I had to make a lot of changes along the way. Basically, I made a few major mistakes... Too much starch in the added ingredients, the potatoes took much longer to soften than I anticipated, I cut the potatoes too small and couldn't mash them (but I think I got them soft enough to mash on their own during kneading), the overall weight of the added ingredients was just too much. I ended up mixing them all together and then halving the additions but doing some math to come out with the right amount of water.

Like I said... not a fun bake, but I will learn a lot. I think I will still end up with flavorful and edible bread in the end.

Benito's picture
Benito

I forgot to mention in the other thread, something I really like using for sandwich bread to give it softness of crumb without adding butter is making a Tangzhong. I’m not sure you’re familiar with Tangzhong but it is essentially a roux you make by cooking some of the flour in water or milk.  You allow it to cool and then add it to your dough during mix.  It is easy and really adds something to sandwich bread.

texasbakerdad's picture
texasbakerdad

I have a made 2 or 3 loaves using hte Tangzhong method in the past. My wife always complained that she didn't like the flavor and I am pretty sure she was picking up on the cooked milk flavor in Tangzhong. I like that flavor and I think it is a super mild flavor, but something about that flavor rubs her the wrong way.

Benito's picture
Benito

Ah OK, have you tried it with water instead of milk?  Just a thought.

texasbakerdad's picture
texasbakerdad

No, I haven't.
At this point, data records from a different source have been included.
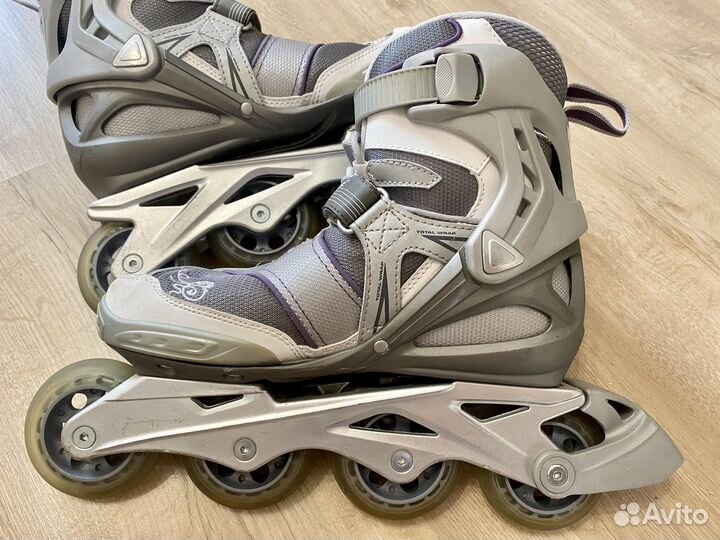 Роликовые коньки Rollerblade 39 размер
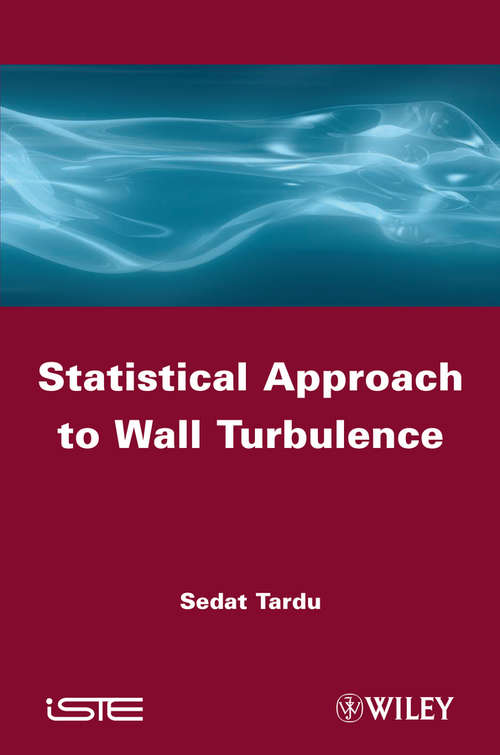 Book cover of Statistical Approach to Wall Turbulence (11)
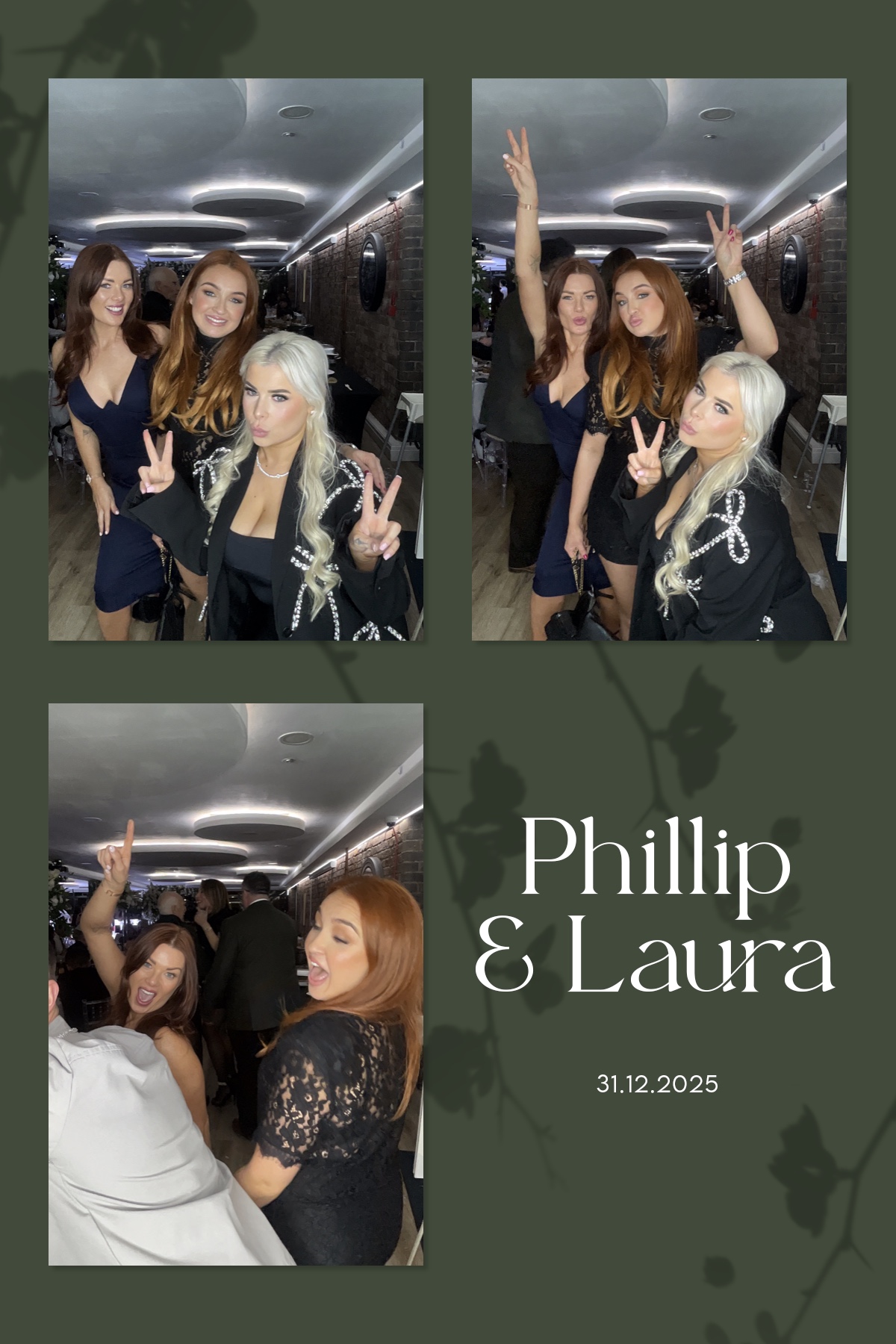 Phillip & Laura's Wedding | View more photos from the event at gallery.liverpoolselfiemirror.co.uk/u/LiverpoolSelfieMirror/Phillip-Lauras-Wedding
Although, I think am sort of getting a partial Tangzhong gelatization effect when I scald the rolled oats with boiling water. This bake will be interesting because I ended up having oats, quinoa, and chia seeds (I ended up using chia instead of sesame). All of which gelatinize.
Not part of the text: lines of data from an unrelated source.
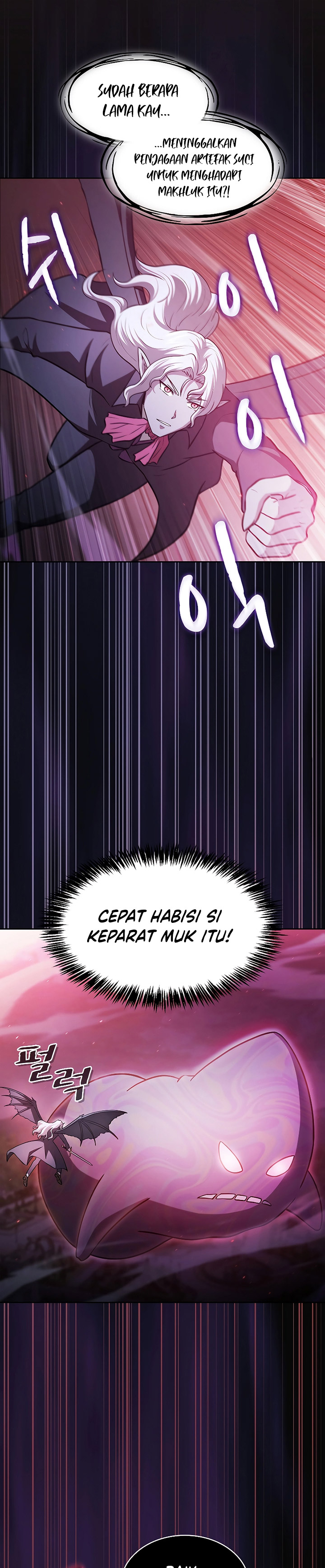 The Constellation that Returned from Hell chapter 155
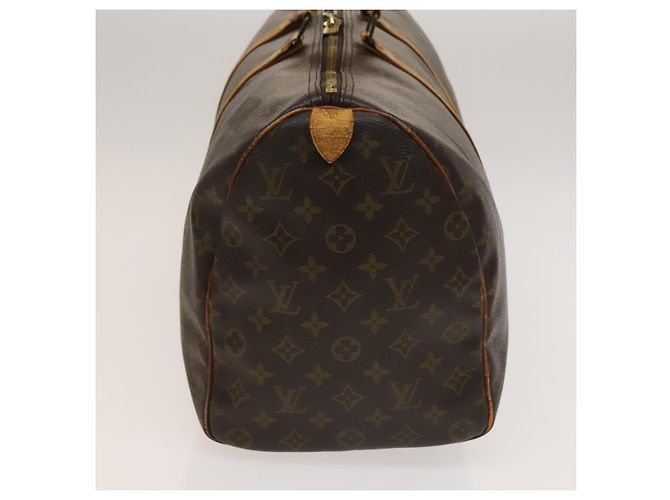 LOUIS VUITTON Borsa Boston Monogram Keepall 45 M41428 LV Auth 135596 Monogramma - vista 4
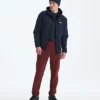 Ανδρικό φούτερ με κουκούλα και φερμουάρ TNF™ Performance Fleece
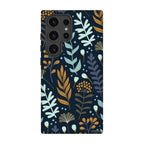 Wild Floral Tough Case for Samsung Galaxy — View 3 — Finnaij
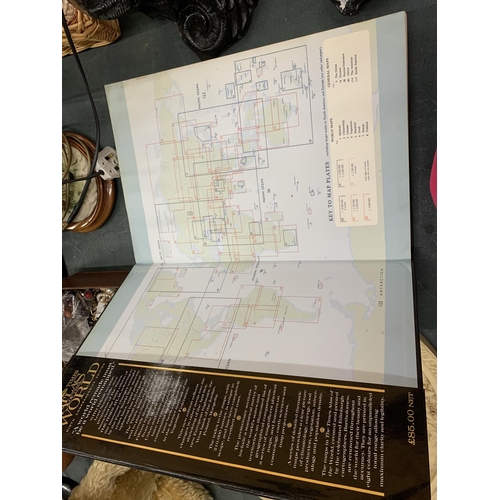 188 - A LARGE THE TIMES ATLAS OF THE WORLD COMPREHENSIVE EDITION IN GOOD CONDITION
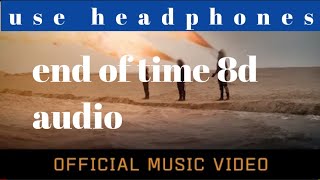 K-391, Alan Walker & Ahrix - End of Time - 8d audio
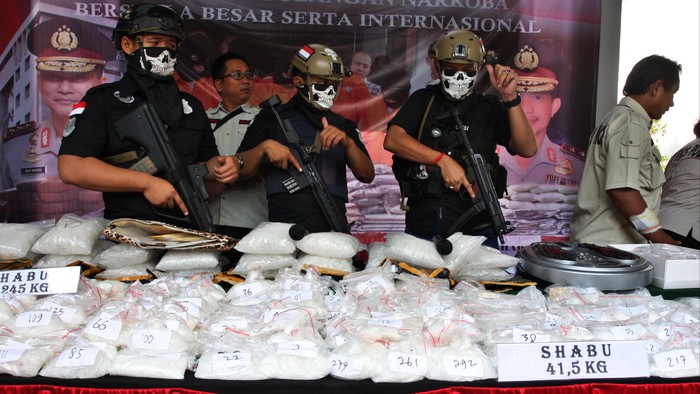 Polda Metro Jaya Amankan 6 Kg Sabu dari Bandar di Makassar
I definitely overdid the changes this time! I feel like a mad scientist, emphasis on the mad.

texasbakerdad's picture
texasbakerdad

I guess I was misinformed. I thought Tangzhong was specifically for a milk/flour roux, but I guess it doesn't mean specifically milk. My first introduction to the Tangzhong method was making Hokkaido milk bread.

Benito's picture
Benito

Not misinformed, but you can easily get the benefits of the gelatinization of the flour without dairy.  Water, almond milk, oat milk etc can be used to cook the flour as well.